INFECTIOUS DISEASES.

By ALFRED SPRINGER, PH.D.,

CINCINNATI, OHIO.

INFECTIOUS diseases have devastated more homes than all wars combined, and a check to their ravages would be the greatest boon suffering mankind can hope to achieve.

These diseases are supposed to owe their origin to the activity of ferments, enzymes, sporozoa or other ultra-microscopical organisms, consequently they must have some reactions in common with other phenomena depending upon the same agencies.
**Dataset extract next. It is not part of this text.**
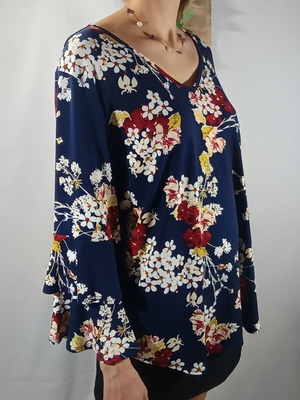 George floral navy blouse with double flared sleeves like new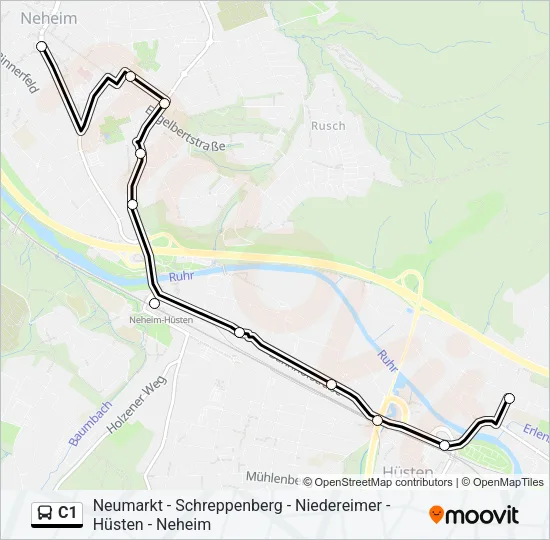 C1 Bus Line Map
If true scientific reasoning is based upon inductive methods, namely, 'the endeavor from the much which is observable to arrive at a little which may be verified and is indubitable' then truly our knowledge of ferments is very meager—in fact practically everything we know is deduced from observing the alcoholic yeast ferments, and this for the following reasons: First, they have been employed for many ages. Second, they are larger than the other ferments. Third, they can be studied without jeopardizing fellowmen. Fourth, their chemical effects can be traced in the laboratory, qualitatively and quantitatively, an I last, but not least, their study is not beset with those difficulties which immediately present themselves when effects are produced upon higher differentiated types such as man.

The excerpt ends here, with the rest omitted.